### What is being asked
From the line containing "Mercedes-Benz 500 SL, original" down to the last line of the material, output each line exactly as it appears, excluding pictures.

── Supplied material

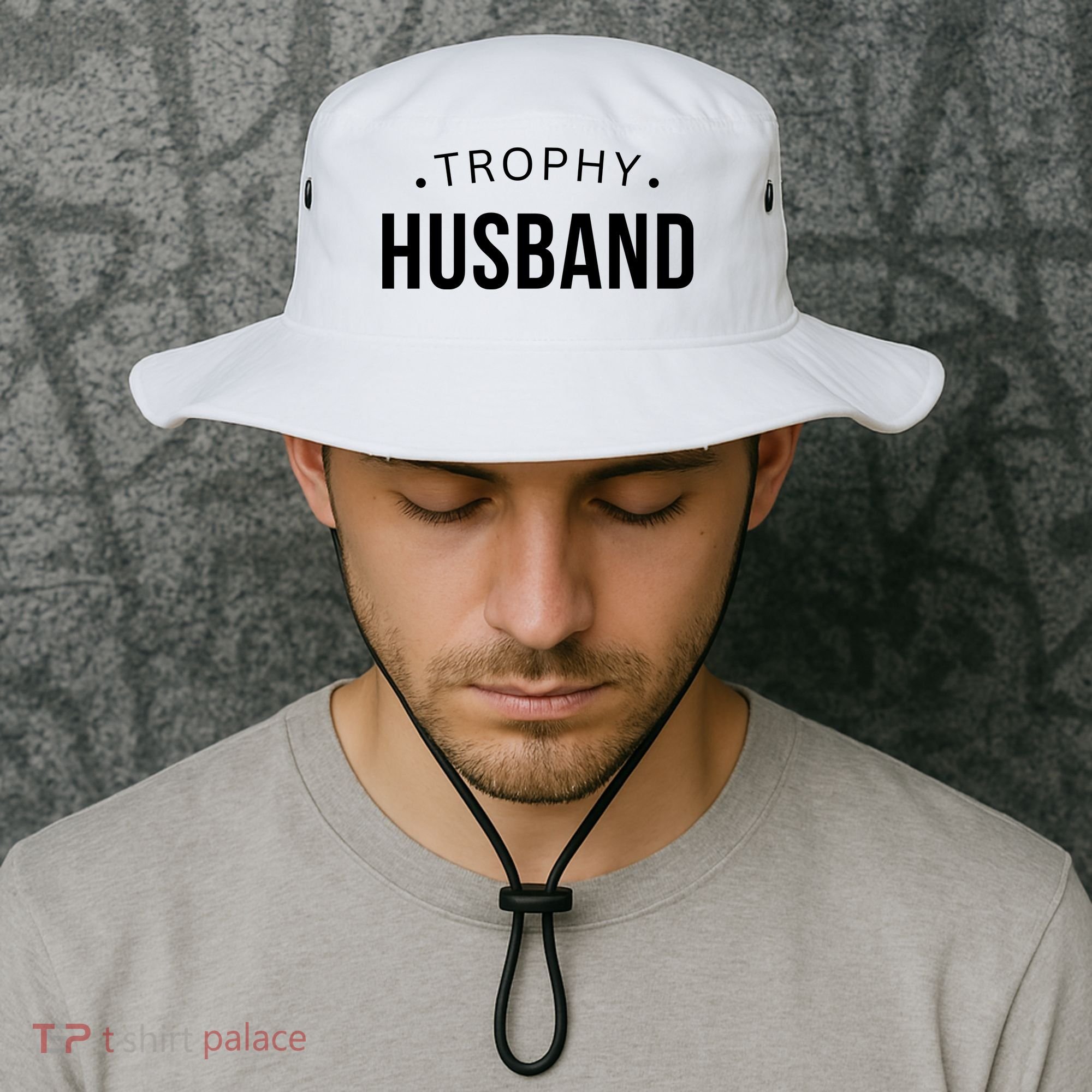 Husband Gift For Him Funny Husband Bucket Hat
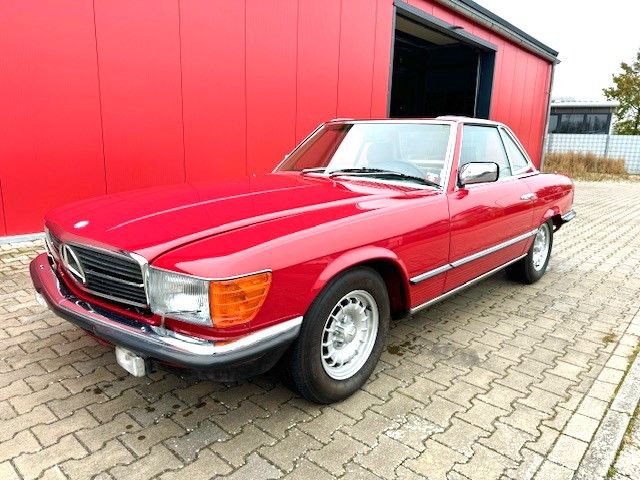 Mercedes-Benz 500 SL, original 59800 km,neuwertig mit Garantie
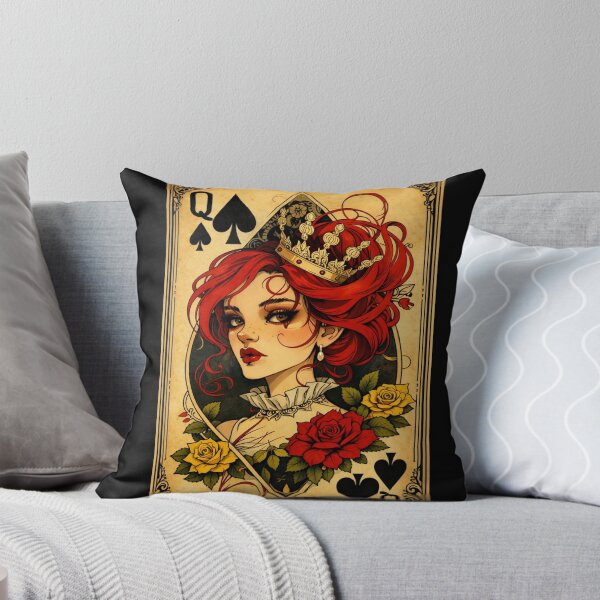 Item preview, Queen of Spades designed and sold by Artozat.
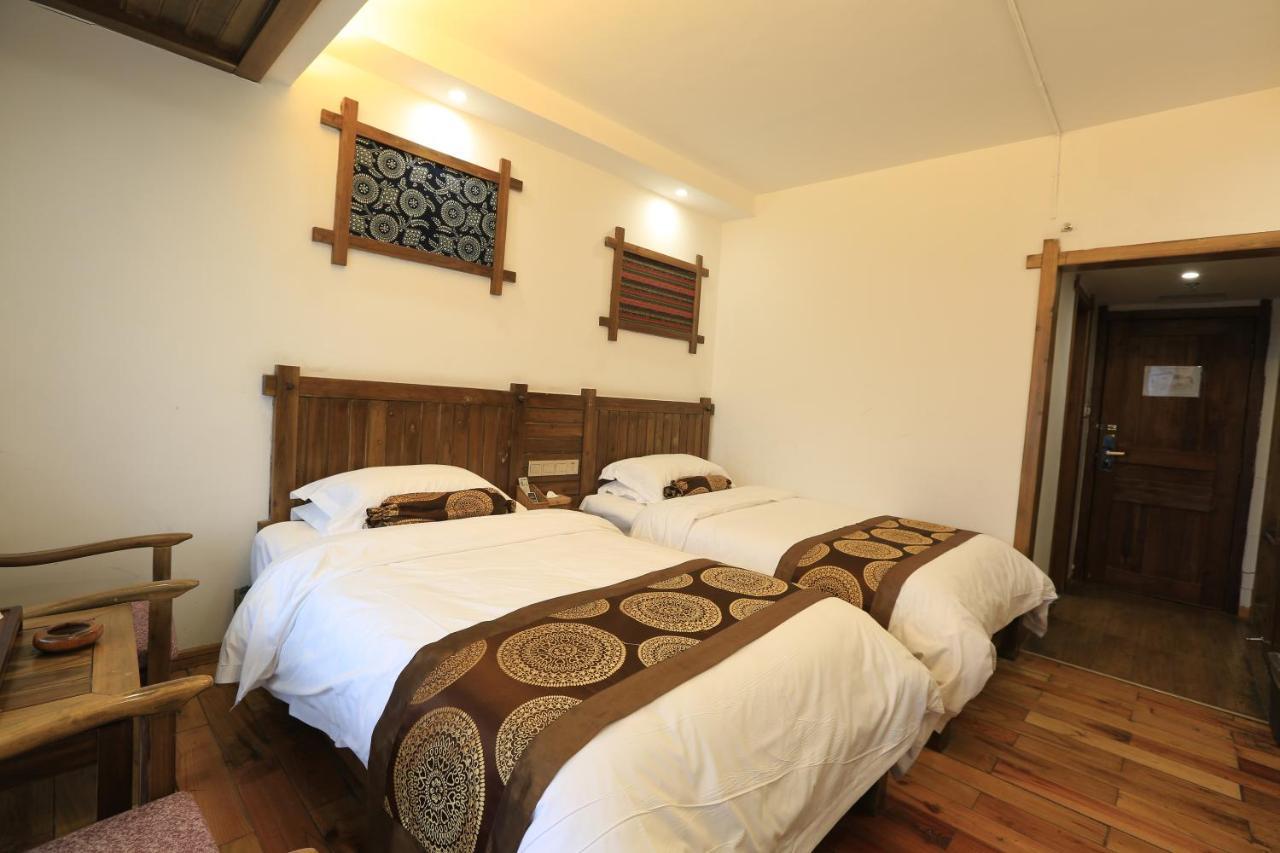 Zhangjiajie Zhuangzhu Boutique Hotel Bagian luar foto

────

### Solution to this task
 Mercedes-Benz 500 SL, original 59800 km,neuwertig mit Garantie
 Item preview, Queen of Spades designed and sold by Artozat.
 Zhangjiajie Zhuangzhu Boutique Hotel Bagian luar foto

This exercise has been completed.